The MusicFIRST coalition today urged Congress to pass a measure that would require AM and FM radio stations to pay performers a fee for playing their music on air, saying the music industry groups will use all of their power to advance the bill during a lame-duck session to be held in mid-November.

"The MusicFIRST coalition is growing impatient," said Jennifer Bendall, executive director of the coalition, which represents recording artists, music businesses and performance rights advocates. "Congressional leaders have said they want this issue resolved this year and if broadcasters can't agree among themselves then we expect Congress to act."


Performance rights legislation has been approved by the House and Senate Judiciary committees, but has stalled with resistance from a host of lawmakers and the National Association of Broadcasters.

For many years, the NAB has flatly refused to support performance rights' legislation, but for the first time, the broadcasters have engaged in talks with the entertainment industry at the behest of lawmakers calling on the groups to reach a compromise.

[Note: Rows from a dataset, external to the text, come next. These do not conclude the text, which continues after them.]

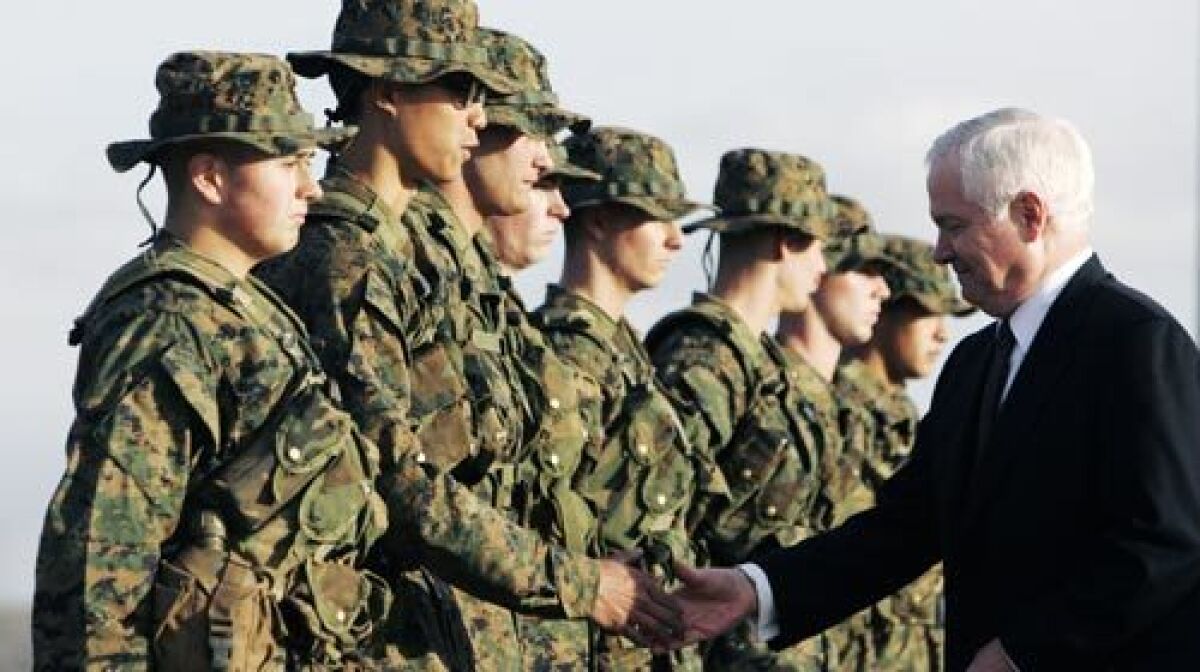 Defense Secretary Robert M. Gates greets Marine recruits at Camp Pendleton in Oceanside on Monday. In his first official visit to Southern California, he emphasized the sacrifices made by families of sailors and Marines.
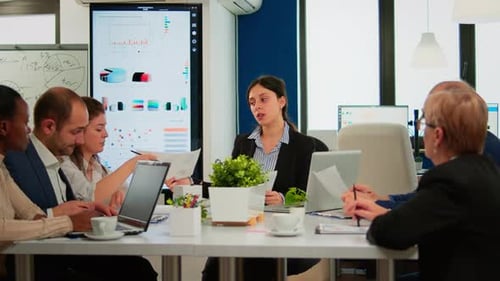 Diverse Business Team Meeting in Modern Office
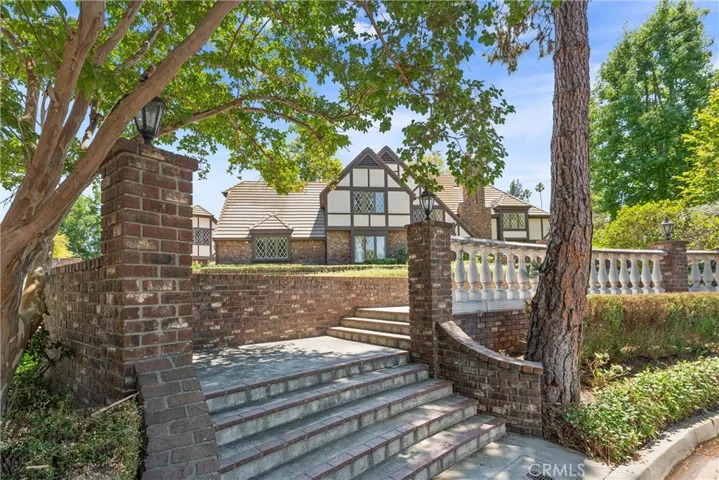 Steps up from the street to the front entry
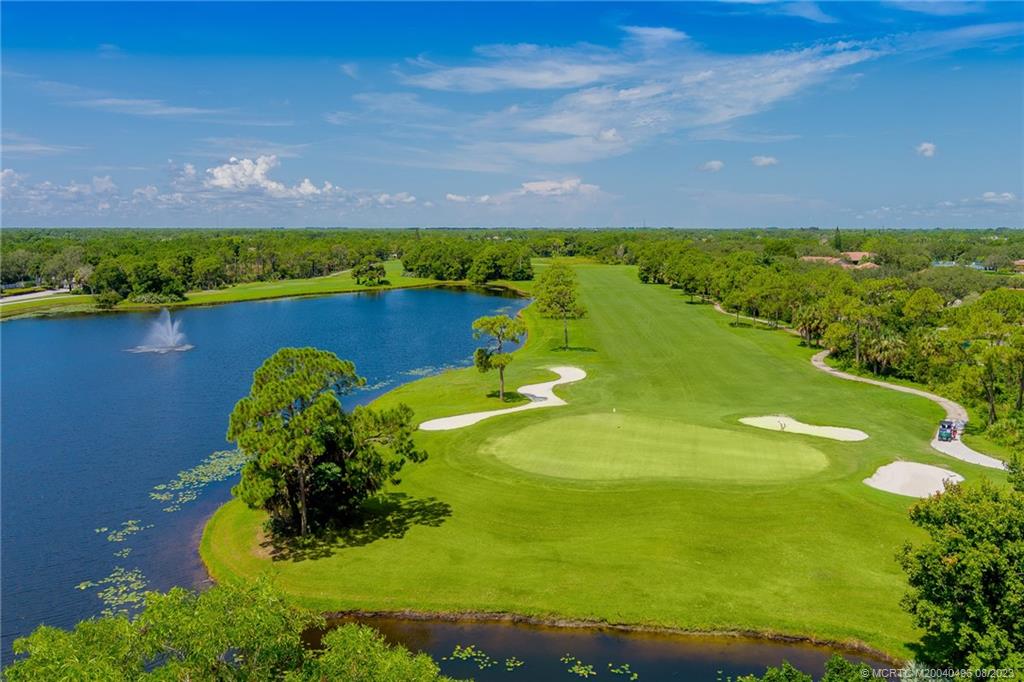 5891 Southeast Entry Court Stuart, FL 34997 - Photo 27 of 29 a view of a lake from a yard
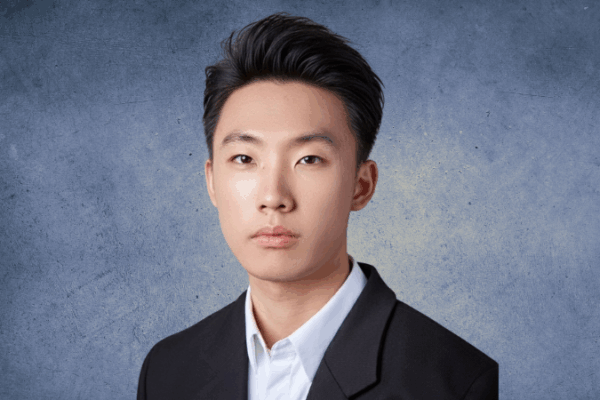 dark hair, no smile, suit jacket, collared shirt.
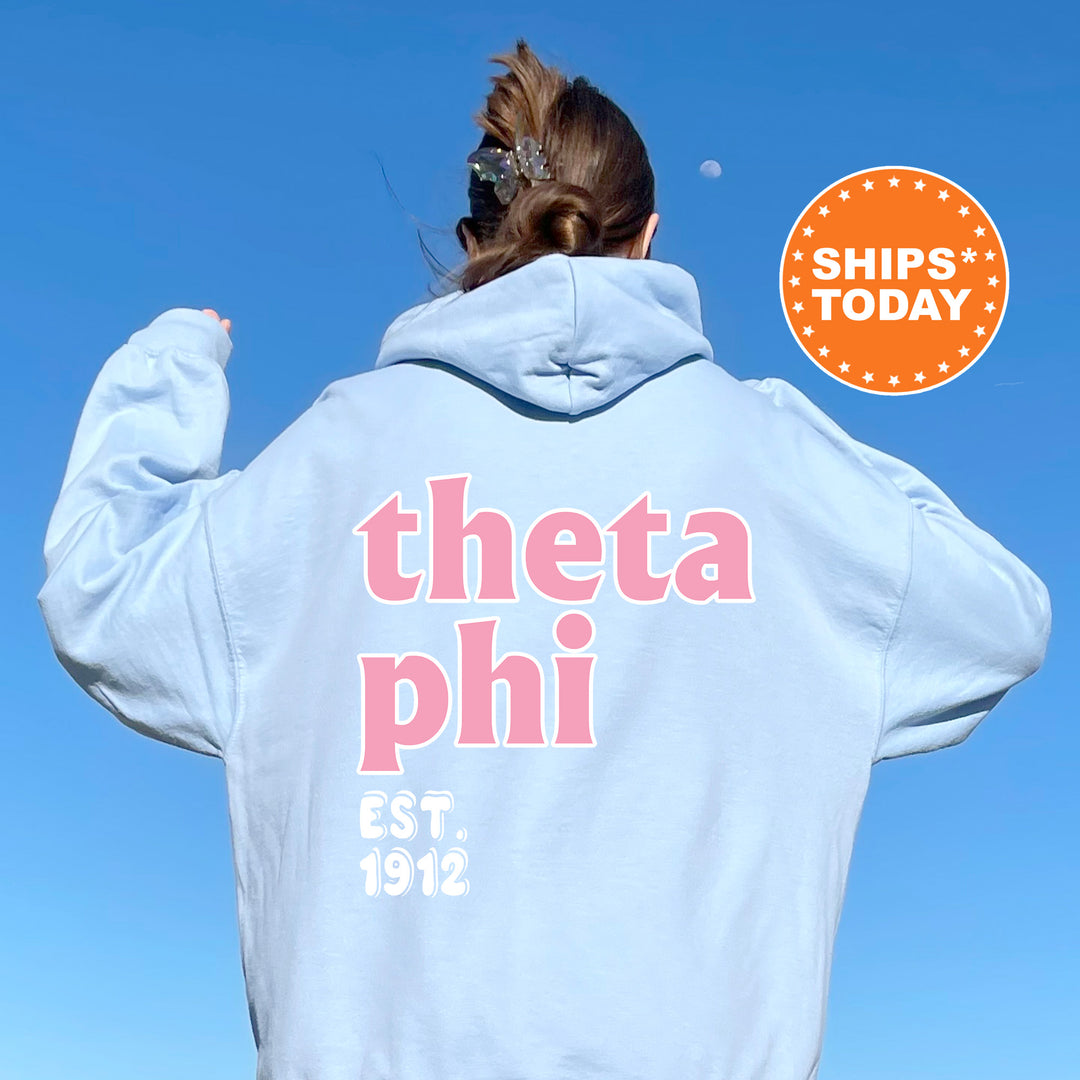 A person wearing a light blue hoodie with the text "theta phi" printed on it, standing against a clear blue sky.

"The broadcasters have never been willing before to even talk to us," said Hal Ponder, director of government relations at the American Federation of Musicians. "Things are changing and we think we have good momentum."


House Judiciary Chairman John Conyers "has a very personal passion in seeing performance rights passed this session," said Benjamin Staub, a Judiciary Committee staffer. Conyers is the lead sponsor of the House legislation.

But chances for enactment during the 111th Congress remain slim.

In exchange for their support for the bill, the NAB has asked for the inclusion of a controversial provision that would require all mobile devices in the United States to include FM radio chips. The wireless industry group CTIA and some technology groups have come out in fierce opposition to that proposal.

"It is simply wrong for two entrenched industries to resolve their differences by agreeing to burden a third industry - which has no relationship to or other interest in the performance royalty dispute -- with a costly, ill-considered, and unnecessary new mandate," according to a letter sent to Conyers and Senate Judiciary Chairman Patrick Leahy in August from CTIA, the Consumer Electronics Association and other groups.


Until there is resolution over the FM radio chip issue, and a few other matters, there is no agreement, said NAB spokesman Dennis Wharton, who added that broadcasters are continuing to work toward a solution.

When asked if he believes NAB has been making a genuine effort to negotiate with the music industry, Staub said, "I think the broadcasters have been earnest in their attempts to move forward. We are still waiting for the product of those negotiations."